1. Animating Your Story to Make it Come Alive

To see an animated version of a TV show, launched out of a radio program, This American Life, (still with me?) see Chris Ware’s coverage of the segment “Every Marriage is a Courtroom” and another segment here. What if you videoed a happy client using your product or service, then hired a cartoonist to created a Ware-style version to reinforce your message?Also consider a mangastyle comic book version such as Dan Pink did with Johnny Bunko, along with a video trailer, of course. Lesson? Multiply the fun and/or helpful ways they see your message.

2. Drawing the Speaker’s Message to Compound Its Impact

Watch a graphically illustrated version (BigViz Book) of the last TED conference’s 50 or so speakers, brought to you by group cartographer, David Sibbet and Kevin Richards.

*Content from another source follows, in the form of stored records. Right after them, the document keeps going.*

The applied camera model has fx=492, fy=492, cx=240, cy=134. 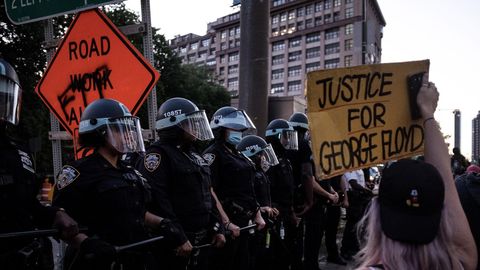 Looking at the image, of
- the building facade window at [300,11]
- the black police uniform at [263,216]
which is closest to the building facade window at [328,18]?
the building facade window at [300,11]

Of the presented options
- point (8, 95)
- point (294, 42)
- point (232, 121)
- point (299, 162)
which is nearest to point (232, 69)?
point (294, 42)

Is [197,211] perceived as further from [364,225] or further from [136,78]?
[364,225]

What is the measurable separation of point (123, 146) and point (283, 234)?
3553mm

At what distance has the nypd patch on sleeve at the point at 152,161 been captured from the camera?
3883 millimetres

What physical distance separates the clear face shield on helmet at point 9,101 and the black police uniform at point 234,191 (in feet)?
7.46

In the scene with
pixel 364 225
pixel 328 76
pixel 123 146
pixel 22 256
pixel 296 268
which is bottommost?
pixel 296 268

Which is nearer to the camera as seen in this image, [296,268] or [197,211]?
[197,211]

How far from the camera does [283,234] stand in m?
6.41

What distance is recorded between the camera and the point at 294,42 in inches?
4739

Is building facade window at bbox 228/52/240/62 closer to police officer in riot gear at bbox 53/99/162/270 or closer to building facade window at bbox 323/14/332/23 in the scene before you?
building facade window at bbox 323/14/332/23

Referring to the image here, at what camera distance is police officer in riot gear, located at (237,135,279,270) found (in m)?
5.69

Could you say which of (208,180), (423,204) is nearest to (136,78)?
(208,180)

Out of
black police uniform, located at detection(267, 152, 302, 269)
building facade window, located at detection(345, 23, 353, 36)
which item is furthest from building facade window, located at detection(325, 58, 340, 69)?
black police uniform, located at detection(267, 152, 302, 269)

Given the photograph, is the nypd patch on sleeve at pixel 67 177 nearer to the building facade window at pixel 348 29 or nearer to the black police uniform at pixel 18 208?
the black police uniform at pixel 18 208
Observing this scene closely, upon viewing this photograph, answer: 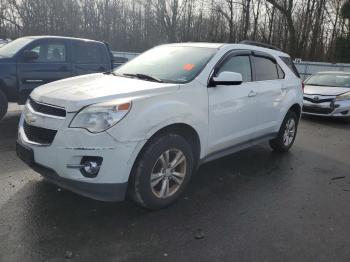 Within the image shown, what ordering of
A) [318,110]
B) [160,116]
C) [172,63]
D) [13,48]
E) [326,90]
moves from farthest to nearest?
[326,90] < [318,110] < [13,48] < [172,63] < [160,116]

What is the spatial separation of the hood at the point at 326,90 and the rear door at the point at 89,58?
5708 millimetres

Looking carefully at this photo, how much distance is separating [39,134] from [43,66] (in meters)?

3. Illustrate the Steps So We Recognize How and Why to Take Them

How about getting some pictorial help on “how to” do something new? View the “plain English”, explanatory videos at Sasha and Lee LeFever’s Commoncraft.

Follow-up Ideas: Consider hiring one of these talents or others to:

• Illustrate the messages presented by your speakers at your conference or meeting. Give the results to attendees as an ebooklet or vlog  – a free meeting momento. Then offer it online to anyone else for a modest fee (new profit center?) – or for free to attract members and media coverage. Find a sponsor to underwrite the costs.

• Create the visual story of a new product, service, program or innovation. Feature employees or customers in the creation and distributionof this story. Feature it on your blog and web site. Tell your key media about it.

• At a brainstorming or other meeting, keep everyone focused on the goal, not whip- sawed by the verbally dominant. Share a Sibbet-style visual group record of the meeting with team members and other stakeholders.

Like participating in a lively Pecha Kucha, these other visual methods can make collaborating and learning together more productive and fun.